Winner of Best Director at the Berlinale, this assured work about growing up in a Chinese village in 1991 as the winds of modernity begin to change lives, reminds one of a cross between Zhang Yimou’s early rural dramas and Yang’s Yi Yi.

Review #3,044
Dir. Huo Meng
2025 | China | Drama | 132min | 1.85:1 | Mandarin & Chinese dialect
Not rated – likely to be PG
Cast: Wang Shang, Zhang Chuwen, Zhang Yanrong, Zhang Caixia, Cao Lingzhi
Plot: With both parents working far away, ten-year-old Chuang is being raised by extended family in his home village, where thousands of years of rural tradition collide with the socio-economic changes of China in the early 1990s.
Awards: Won Best Director & Nom. for Golden Bear (Berlinale)
International Sales: m-appeal
Accessibility Index
Subject Matter: Moderate – Tradition vs. Modernity; Rural China; Family
Narrative Style: Slightly Complex
Pace: Slightly Slow
Audience Type: Slightly Arthouse
Viewed: Screener (as part of Singapore Film Society Showcase)
Spoilers: No
This sophomore effort won Huo Meng the Best Director prize at the Berlinale earlier in the year. It is not surprising, considering the assured craft and storytelling on display, which reminds me of Zhang Yimou’s great films of the early 1990s.
You have to go back seven years to Huo’s debut film, Crossing the Border (2018), which similarly features beautiful countryside locations.
In Living the Land, we find ourselves back in 1991, somewhere in Henan province. It opens with a funeral, but somewhere along the story, there’s also a wedding. As such, Huo’s work also reminds me of Edward Yang’s Yi Yi (2000), with its weddings and funerals, even though the latter is set in modern Taipei and tackles vastly different themes.
In both films, these are extended segments that don’t just immerse you in the rituals of traditions, deeply rooted or otherwise; they are communal events, and they perhaps could even be considered as ‘reliefs’ from the relentless daily toil of work.

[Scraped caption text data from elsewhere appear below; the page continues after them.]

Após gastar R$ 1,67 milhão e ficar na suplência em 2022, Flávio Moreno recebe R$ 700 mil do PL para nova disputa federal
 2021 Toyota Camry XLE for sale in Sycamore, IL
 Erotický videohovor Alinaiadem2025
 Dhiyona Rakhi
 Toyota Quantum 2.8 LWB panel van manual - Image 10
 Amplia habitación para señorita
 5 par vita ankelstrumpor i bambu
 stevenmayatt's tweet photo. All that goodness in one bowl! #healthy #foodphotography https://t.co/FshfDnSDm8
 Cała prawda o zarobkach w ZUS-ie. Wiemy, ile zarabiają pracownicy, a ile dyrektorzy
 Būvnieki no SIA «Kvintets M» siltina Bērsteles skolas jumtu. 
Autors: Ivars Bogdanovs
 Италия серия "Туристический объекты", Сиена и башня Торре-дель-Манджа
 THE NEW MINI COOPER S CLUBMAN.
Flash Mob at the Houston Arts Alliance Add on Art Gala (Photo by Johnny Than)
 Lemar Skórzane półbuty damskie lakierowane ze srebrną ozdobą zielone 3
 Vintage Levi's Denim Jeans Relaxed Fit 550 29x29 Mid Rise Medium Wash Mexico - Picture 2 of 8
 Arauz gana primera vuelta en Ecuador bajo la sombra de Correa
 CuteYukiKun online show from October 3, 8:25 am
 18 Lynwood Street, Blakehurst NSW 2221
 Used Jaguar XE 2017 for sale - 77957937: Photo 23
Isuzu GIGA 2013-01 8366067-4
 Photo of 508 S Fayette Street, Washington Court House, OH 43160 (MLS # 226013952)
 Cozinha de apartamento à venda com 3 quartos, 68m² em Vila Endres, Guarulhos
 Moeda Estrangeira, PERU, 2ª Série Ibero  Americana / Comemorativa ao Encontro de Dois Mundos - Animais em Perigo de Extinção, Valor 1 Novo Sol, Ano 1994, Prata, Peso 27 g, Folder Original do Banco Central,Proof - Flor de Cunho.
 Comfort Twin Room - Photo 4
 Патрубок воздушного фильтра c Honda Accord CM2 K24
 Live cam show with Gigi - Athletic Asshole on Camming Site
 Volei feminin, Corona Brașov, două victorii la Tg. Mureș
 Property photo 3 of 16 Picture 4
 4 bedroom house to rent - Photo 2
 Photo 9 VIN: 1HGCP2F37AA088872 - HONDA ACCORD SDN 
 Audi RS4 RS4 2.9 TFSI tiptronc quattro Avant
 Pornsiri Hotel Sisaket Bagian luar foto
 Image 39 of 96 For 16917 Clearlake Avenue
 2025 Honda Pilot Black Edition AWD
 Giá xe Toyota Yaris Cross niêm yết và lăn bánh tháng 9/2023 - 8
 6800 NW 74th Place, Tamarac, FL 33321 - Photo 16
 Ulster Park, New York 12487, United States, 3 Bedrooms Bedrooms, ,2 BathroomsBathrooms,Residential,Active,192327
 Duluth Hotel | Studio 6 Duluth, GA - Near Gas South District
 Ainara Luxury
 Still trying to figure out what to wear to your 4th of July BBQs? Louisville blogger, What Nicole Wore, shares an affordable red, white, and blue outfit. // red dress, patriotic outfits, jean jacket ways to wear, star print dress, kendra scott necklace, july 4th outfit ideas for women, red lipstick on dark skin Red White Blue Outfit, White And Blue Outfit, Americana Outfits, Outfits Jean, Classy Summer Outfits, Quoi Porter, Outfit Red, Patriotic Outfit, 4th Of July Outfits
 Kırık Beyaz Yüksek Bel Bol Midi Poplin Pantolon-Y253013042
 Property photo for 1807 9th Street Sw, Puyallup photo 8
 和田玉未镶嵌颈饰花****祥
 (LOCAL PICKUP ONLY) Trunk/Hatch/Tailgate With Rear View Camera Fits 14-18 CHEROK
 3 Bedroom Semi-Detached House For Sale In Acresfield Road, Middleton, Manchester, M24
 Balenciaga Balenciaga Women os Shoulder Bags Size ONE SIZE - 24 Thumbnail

“Why do so many bad things happen to us?”
Interestingly, only about a decade separates the more affluent but segregated Taiwanese families in Yi Yi, and their poorer but more close-knit farmers in Living the Land, telling us more about how differing social and economic policies can impact people differently.
Speaking of which, Living the Land chronicles the director’s memories of those days growing up in his old village as he reminisces about those final months when tractors began to replace oxen, when family or relatives moved to Shenzhen to find better-paying work, when oil prospecting on these ancient lands became the future.
With all-around excellent performances that build upon the authenticity of its construction of place and time, Huo’s work impresses with its sincerity towards a narrative that, although it might not be boundary-pushing, captures intimate moments of a person’s life, in this case a child, and sets it against the sweeping winds of change.